Je me demande bien comment nous pourrons désormais exercer une autorité saine dans notre société québécoise.

Alain Roy

Source : Le blogue de Abbé Alain Roy


3 réponses à to “Ni dictature, ni parité”

  • Roland:

    Je suis entièrement d’accord avec vous.
    J’ai toujours proné dans ma famille le respect que tous les membres se devaient les uns les autres.
    Ceci nous a permis de ne pas abuser de notre autorité tout en ne permettant pas d’être abusé.
    Ceci a créé un équilibre qui nous a permis de fonctionner agréablement même si parfois en tant que parent nous devions dire « non’.
    Au risque de passer pour un viux radoteux, je ne peux m’idigne d’avoir vu des jeunes enfants s’attaquer physiquement à leurs parents pace qu’ils leur avaient refusé queque chose et qu’aulieu de se faire respecter, essayaient d’expliquer leur refus.
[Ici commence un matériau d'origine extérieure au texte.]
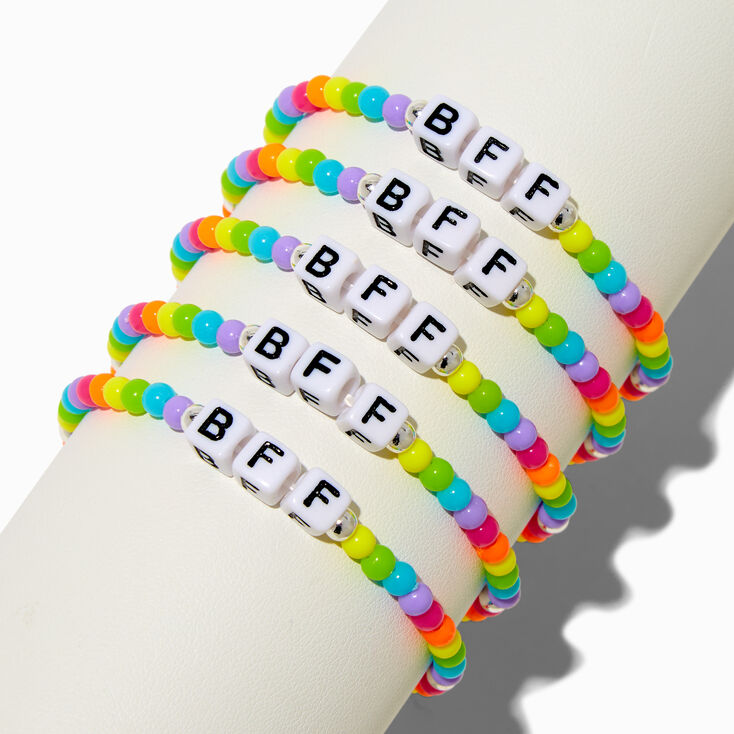 Best Friends Rainbow BFF Beaded Stretch Bracelets - 5 Pack,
Il ne faut pas s’étonner que ces enfants sont présentement dans la rue pour contester .
    Je crois que notre gouvernenent est aussi fautif d’avoir laisser aller la situation sans intervenir pendant un si long temps. Ils ont sous-estimés ce que ces enfants rois étaient capable de faire et malheureusement la situation a dégénéré à ce qu’elle est présentement une « impasse ».
    En tant que dirigeants ils auraient dû expliquer rapidement la nécessité d’une augmentation des frais de scolarité en rencontrant les partis impliqués. Ils ne seraient pas présentement dans une situation qui est intolérable pour tous les Québécois.
    Les contestations publiques ne se limitent plus à la contestation de la hausse des droits de scolarité mais couvre maintenant toutes les revendications des citoyens face à l’immobilité du gouvernement concernant les irrégularités dans tous les domaines touchant les transactions gouvernementales et le favoritisme.
    Espérons que les esprits se calmeront.

  • Suzanne Désilets:

    Tout à fait d’accord avec votre position. Je me désole que les valeurs, qui ont fait du Québec un endroit où il fait généralement bon vivre, soient ainsi mises de côté.

  • Carmela Di Matteo:

    Merci d’avoir mis les mots justes sur ce que je pensais.
    Pour « exercer une autorité saine dans notre société », ne faudra t’il pas qu’on prenne la vraie place qui nous revient…et avec un peu de respect pour l’autre, on pourra faire un petit pas en avant et vers l’autre.